Homologous chromosomes
-They are termed homologous because they are the same size and shape and carry the same genes in the same order at the same gene locus (position of the gene on the chromosome)
-The alleles (different forms of a gene) can be the same or can be different.
Prophase 1
=In prophase the centrioles begin to move to opposite poles.
-The nucleolus breaks down followed later by the nuclear envelope.
-The duplicated chromosomes are clearly visible with the two sister chromatids joined by a centromere.
different to mitosis =
-HOMOLOGOUS CHROMOSOMES PAIR UP WITH EACH OTHER.
-CROSSING OVER OCCURS.
Crossing over
-Crossing over is when homologous chromosomes swap parts of their chromosomes.
-Chiasmata form where the chromosomes break.
-This adds further genetic variation to the offspring
Metaphase 1
-The centrioles form the spindle which is made from microtubules – polymers of tubulin monomers.
-The microtubules attach to the centromeres of each homologous pair.
-They push and pull them so that they line up along the equator (metaphase plate) of the cell IN THEIR HOMOLOGOUS PAIRS!

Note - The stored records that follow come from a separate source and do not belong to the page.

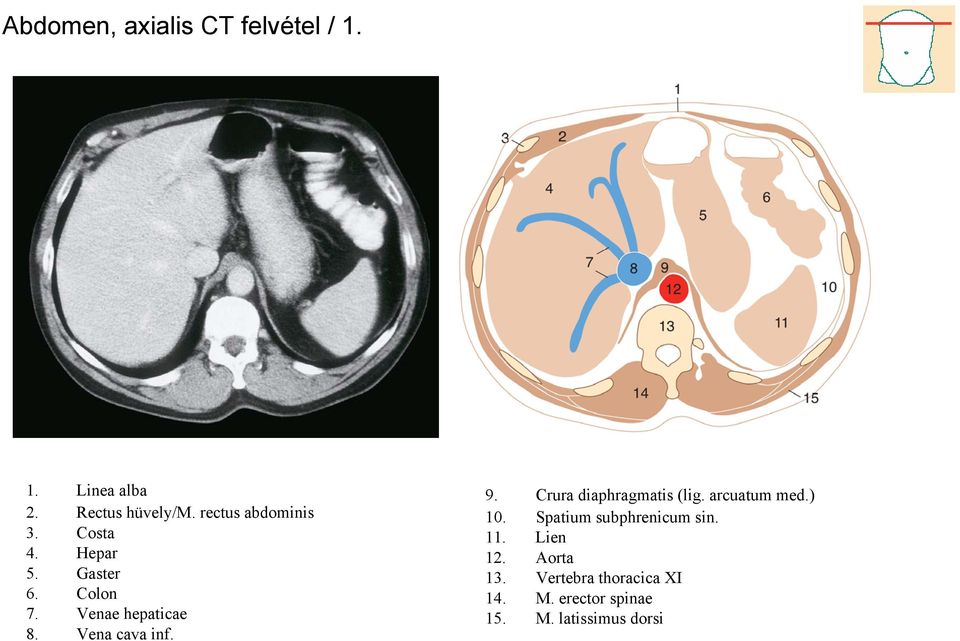 Vena cava inf. 9. Crura diaphragmatis (lig. arcuatum med.) 10.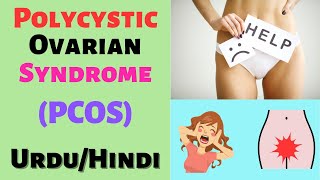 Polycystic Ovary Syndrome(PCOS)| Symptoms| Causes| Treatment| Urdu, Hindi
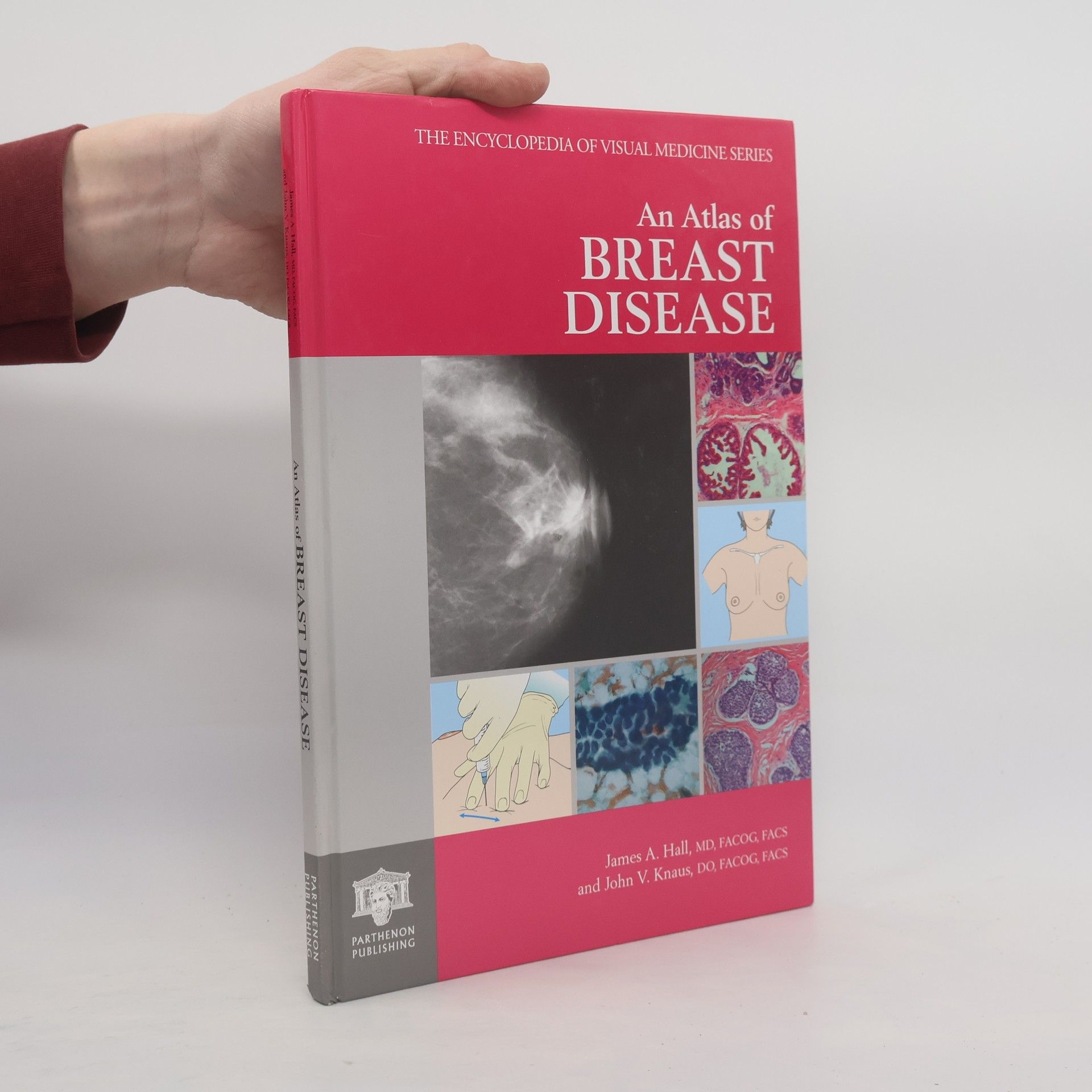 James A. Hall The Encyclopedia of Visual Medicine Series - 63: An Atlas of Breast Disease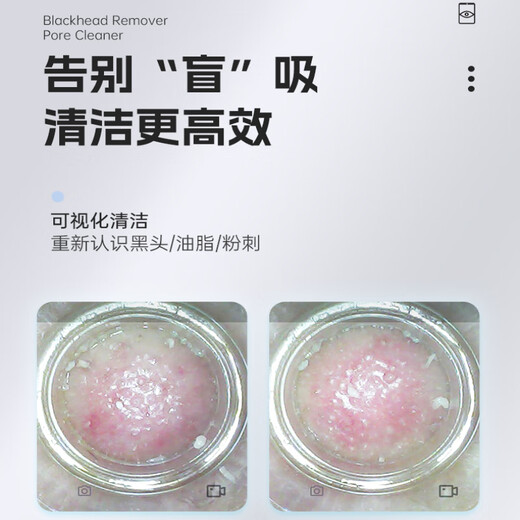M arlincare visual ice hot compress blackhead extractor blackhead cleaning artifact cleaner blackhead suction instrument beauty instrument Yunqinglan ice hot compress + visual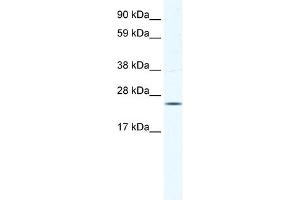 WB Suggested Anti-KCTD6 Antibody Titration:  0. (KCTD6 anticorps  (N-Term))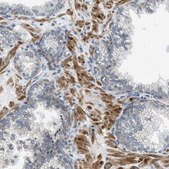 Anti-PANX1 antibody produced in rabbit Prestige Antibodies® Powered by Atlas Antibodies, affinity isolated antibody, buffered aqueous glycerol solution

Independent assortment at metaphase 1
- This is because each pair can orient themselves differently.
-This creates millions of options as to which (maternal or paternal) chromosomes end up in the gametes .
Anaphase 1
-One of EACH PAIR of DOUBLE CHROMATIDS are pulled towards opposite poles.
-This is done by the microtubule fibres contracting which uses up the ATP stored in interphase.
Telophase 1
-Nuclear membrane reforms and cell begins to divide.
-The two cells formed are now haploid cells with 23 double chromatids in each.
Prophase 2
-The second division of meiosis now works exactly as mitosis does for both the cells.
-So the centrioles begin to move to opposite poles and the nucleolus breaks down followed later by the nuclear envelope.
Metaphase 2
-The spindles join to the centromeres of the double chromatids .
-They line up down the equator of each cell.
Anaphase 2
The centromeres divide and the individual chromosomes are pulled to the poles of each cell.
Telophase 2
-Nuclear envelopes reform and the chromosomes return to normal state.
-Cytokinesis occurs to make 4 haploid cells.
Importance of meiosis
1- It introduces GENETIC VARIATION to the offspring cells (through random assortment, crossing over at the chiasmata of the bivalents etc)
2- It produces haploid (n) gametes, which allows the diploid (2n)state to be restored in the zygote at fertilisation.
i.e. IT PREVENTS DOUBLING OF THE CHROMOSOME NUMBER AT FERTILSATION.
Importance of mitosis
1- It produces daughter cells that are genetically identical to parents so brings genetic stability
2- It is important for growth
3- It is important for repair and replacement of missing cells/tissue
4- Repair to wounds or damaged tissues
5- Asexual reproduction by plants eg bulbs/tubers, bacteria and yeast
6- Allows large numbers of offspring to be produced so you can quickly colonise an area
7- It causes cancers through proliferation of cells
Down’s syndrome
- Down’s syndrome is an example of polysomy.
- You end up with three copies of chromosome 21.
- This affects both mental and physical development .
- Life expectancy is reduced but most people with Down’s syndrome live to over 30.